Slide 7: This slide illustrates the splicing of intron DNA. The mature mRNA is intronless and
only contains the information encoded in the exons. Typically, there is a short stretch at the 5’
and 3’ ends that is not translated into protein, termed UTR for untranslated region.
Slide 8: Introns are encoded by specific sequences at the exon intron junctions. Each intron has
a 5’ splice site, a 3’ splice site and a branch point. The conserved nucleotides within the
intron are: GU (5’), A (branch point) and AG (3’). The 5’ exon usually ends with an AG
and the 3’ exon starts normally with a G.
Slide 9: We’ve discussed this table before, and I included it as a reminder that intron DNA
amounts to a total of more than 50% of our genome. So the likelihood that a mutation occurs in
an intron is quite high. Some of these mutations can affect the recognition sequences for
splicing, which could cause a pre-mRNA not to be properly processed. The table in slide 19 lists
diseases that arise from improper splicing. We will get back to this point later in the context of
“alternative splicing”.
Slide 10: Introns in human genes are all excised by spliceosome-catalyzed splicing. However,
evolutionarily, splicing likely originated as an RNA-catalyzed process. Group I and II selfsplicing introns utilize a similar splicing mechanism without any requirement for proteins to
catalyze the reaction. Group I introns need a guanosine nucleotide co-factor. Group II employs
the 2’OH of the adenosine at the branch point to “launch” the attack of the 5’ splice site.
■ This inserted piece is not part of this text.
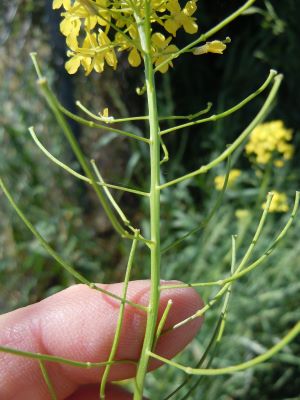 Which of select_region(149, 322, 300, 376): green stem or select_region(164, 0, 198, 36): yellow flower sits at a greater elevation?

This is also true for spliceosome-catalyzed intron removal.
Slide 11: This slide shows how the intron forms a lariat structure. This lariat is eventually
degraded.
Slide 12: Here you can follow the process step-by-step: 2’OH attack of the 5’ splice site,
3’OH is formed after the first transesterification, the 3’OH then attacks the 3’ splice site
followed by a second transesterification. In the end, the two exons are linked and the lariat
intron is excised.
Slide 13: The spliceosome consists of 5 small nuclear ribonucleoprotein particles (snRNPs) all
of which contain a specific small nuclear RNA. The snRNAs provide the specificity, as they
hybridize with the signal sequences of the intron. In vitro, splicing can be carried out in the
absence of proteins. In vivo, the proteins make the process faster and more efficient, but in
the absence of the snRNAs the snRNPs would be useless.
Slides 14 - 17: These slides provide an overview of the step-by-step assembly of the
spliceosome. The individual snRNPs bind specific sequences and bring them close together so
that the transesterifications can occur. For example, U1 and U2 bring the branch point and the 5’
splice site together. Once this has been accomplished, U1 is dispensable. U6 is the catalytic
center, but it is only active once U4 has been removed.
Slide 18: Alternative splicing depicts the process by which a pre-mRNA can yield two
different mature RNAs. This is highly tissue-specific. Alternative splicing creates a lot of
protein variants or isotypes that are not encoded by their own genes. Calcitonin expression
in neuronal and thyroid cells is a well-known example.
Slide 19: Alternative splice variants that produce non-functional or not fully functional proteins
can cause diseases. In most of the cases listed the pre-mRNA is spliced in an alternative incorrect
way, because of mutations in the common splicing signal sequences. Remember BRCA1 or Lesh
Nyhan syndrome from previous lectures?
Slide 20: I hope you can appreciate the complexity of pre-mRNA processing to obtain a mature
and “functional” mRNA. However, not every properly spliced mRNA is necessarily designated
for protein translation. miRNAs are short regulatory sequences that can interfere with the fate
of an mRNA. Most miRNAs target transcripts in their 3’UTRs (slide 7). If base-pairing
between the miRNA and mRNA is discontinuous and incomplete, translation of the
transcript is usually inhibited. If base-pairing is perfect, the target mRNA is degraded or
“silenced”. The class of miRNAs that can trigger silencing through degradation is called
siRNA. RNA interference plays an important role during development, as it can reversibly
or irreversibly suppress specific transcripts.